Nos trois lectures de ce jour nous invitent justement à réfléchir à l’action de Dieu dans les temps de crise, au moment des épreuves et des tribulations.

  • La première lecture dans Jérémie (33 : 14-16) nous présente comment Dieu respecte sa parole, et comment il est bon pour son peuple.
    Pour rappeler un peu le contexte historique de Jérémie 33, nous nous trouvons à un moment où l’élite dirigeante de Juda est en exil à Babylone suite au siège de Jérusalem en - 597 par les Babyloniens. Le roi Sédécias reste sur le trône de Juda mais c’est un pays très affaibli dans lequel sʼouvre un débat politique et religieux qui divise aussi bien les exilés que la population demeurée au pays : faut-il se soumettre ou se révolter dès que possible en comptant sur lʼappui de lʼÉgypte et des voisins de Juda ?
    Jérémie invite, lui, non pas à la révolte, mais à placer sa confiance en Yhaweh pour sortir de la crise. Cette sortie de la crise, il la voit. C’est tout le sens de ces interventions.
    Jérémie donne un message d’espoir en donnant un témoignage sur les bénédictions de Dieu.
    Il annonce que le germe de justice germera sur David en exécutant la justice et le jugement sur la terre ; Juda sera sauvé, et Jérusalem demeurera en assurance ; son nom sera « l’Éternel, notre justice ».
    Les juifs sont encouragés à une espérance malgré des temps de crise.
    Le dessein de Dieu est bon envers son peuple.
    Les souffrances endurées par les juifs ne sont que transitoires. S’il est vrai que la domination de Babylone sur Juda est l’expression de la colère de Dieu sur son peuple, il n’en demeure pas moins que c’est un état passager.

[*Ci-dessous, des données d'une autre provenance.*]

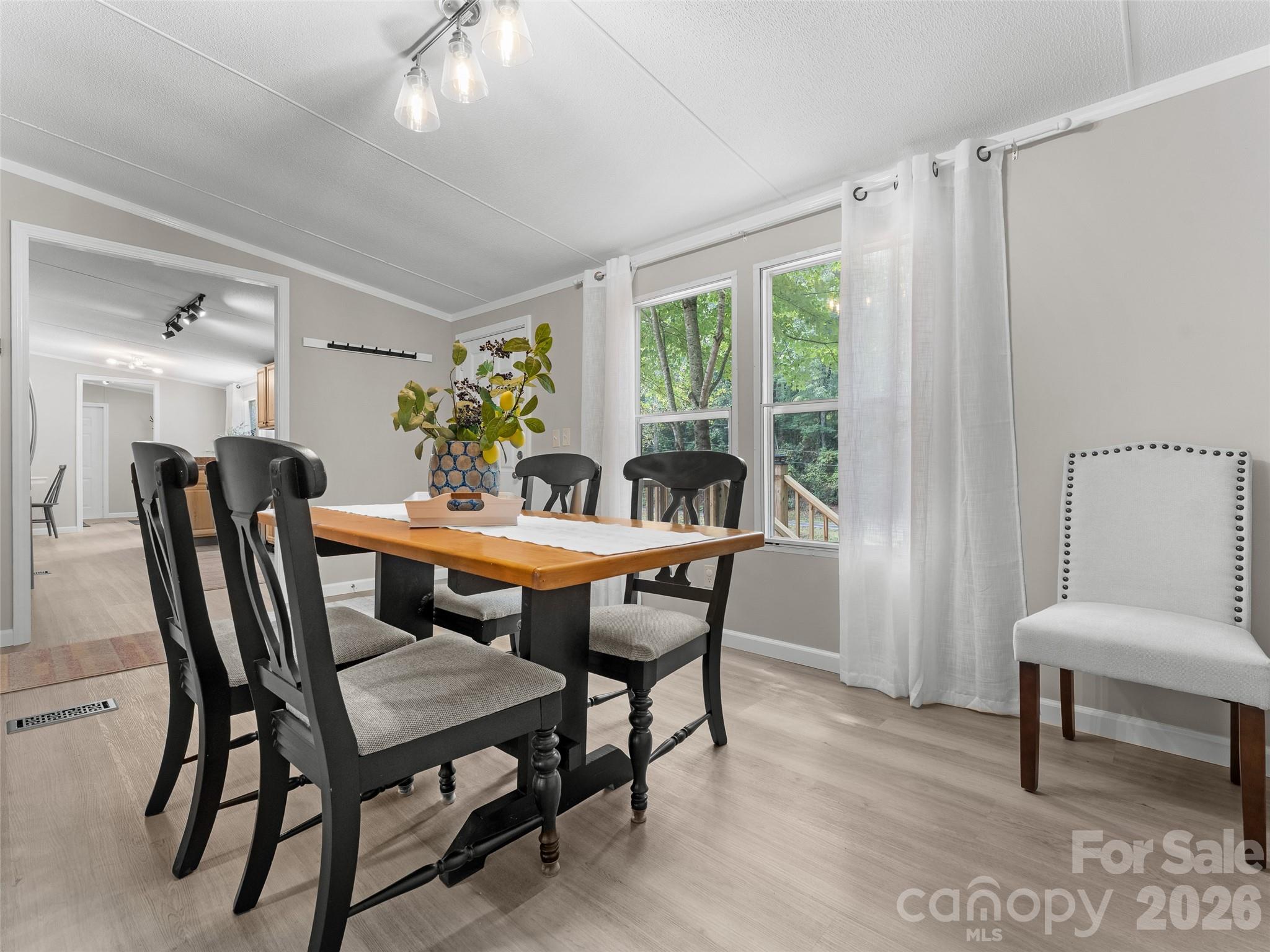 25 Overbrook Drive Saluda NC 28773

Un état qui mènera à une purification spirituelle et morale.
    Dans les versets 14 à 16, Jérémie nous révèle le vrai dessien de Dieu, et nous révèle que l’effet de la pleine grâce de Dieu envers son peuple arrivera malgré la dévastation et la ruine.

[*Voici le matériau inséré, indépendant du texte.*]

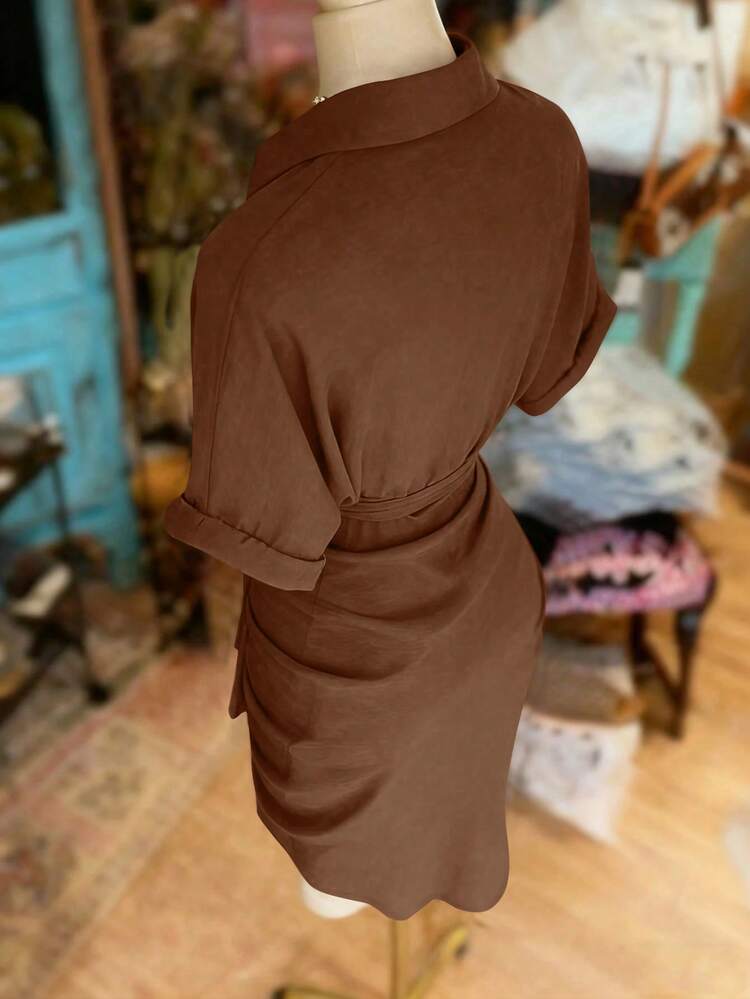 NostaNoir Vestido camisa de manga corta con cuello, abotonadura sencilla y cintura con lazo - Café - Añade 2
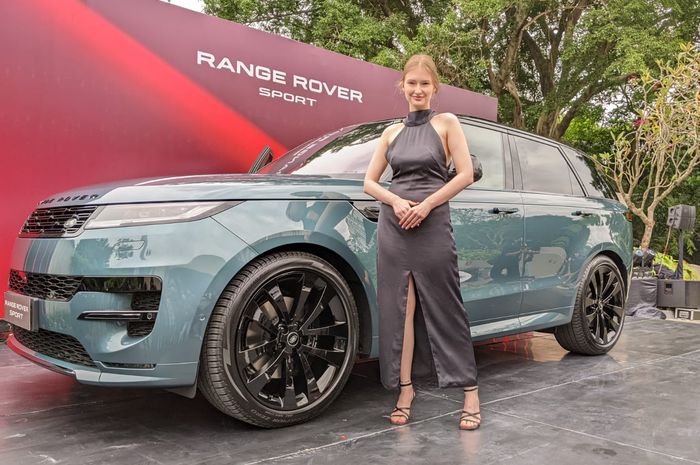 PT JLM Auto Indonesia berikan kejutan di awal 2023 dengan menghadirkan Range Rover Sport Plug-in Hybrid.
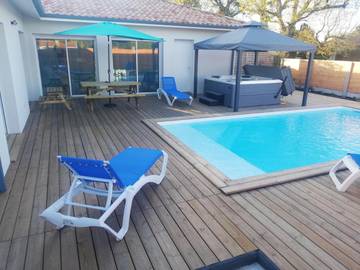 Location de vacances pour 10 personnes, avec jardin et jacuzzi ainsi que piscine et bassin pour enfant à Biganos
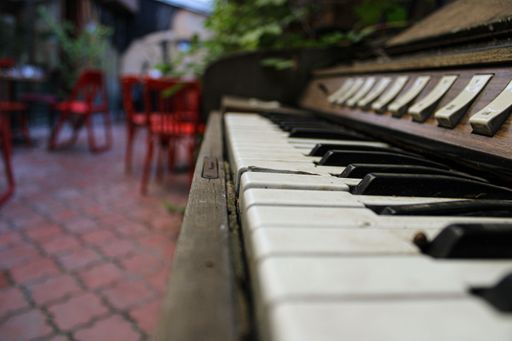 A close-up of the piano in a cafe garden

    Même au milieu d’un monde hostile, l’espérance est toujours possible.
    Ce temps de crise ouvre vers un avenir prometteur.
    Entendre ce texte aujourdʼhui, peut nous éclairer sur notre époque, même si ce récit semble nous placer dans une histoire révolue. Même au cœur du trouble, lorsque l’on désespère, on peut garder à l’esprit que Dieu nous réserve plein de grâces et de bénédictions.
    La Bible dit clairement que Dieu aime ses enfants et fait en sorte que tout contribue [à notre] bien. Cela veut dire que les épreuves et tribulations qu’il permet dans nos vies font partie de son plan pour que toutes choses concourent à notre bien. Elles doivent donc toutes avoir un sens dans la vie du croyant.
    Ne pas s’inquiéter mais s’en remettre entièrement à Dieu. Dieu nous aime au point d’avoir donné Son propre Fils pour nos péchés, et II sait de quoi nous avons besoin avant même que nous le Lui demandions.
    Mais c’est aussi une preuve d’amour que de nous adresser à Lui comme à un père quand nous sommes dans l’épreuve. Un père fait tout ce qu’ll peut pour que ses enfants soient heureux et protégés du mal; à combien plus forte raison Dieu fait-ll tout ce qui est en Son pouvoir pour nous conduire à l’abri du mal. Alors remettons-Lui nos soucis, nos craintes, nos épreuves simplement, en nous souvenant des promesses de Sa Parole.
  • Dans le deuxième extrait que nous avons entendu, le contexte est tout autre.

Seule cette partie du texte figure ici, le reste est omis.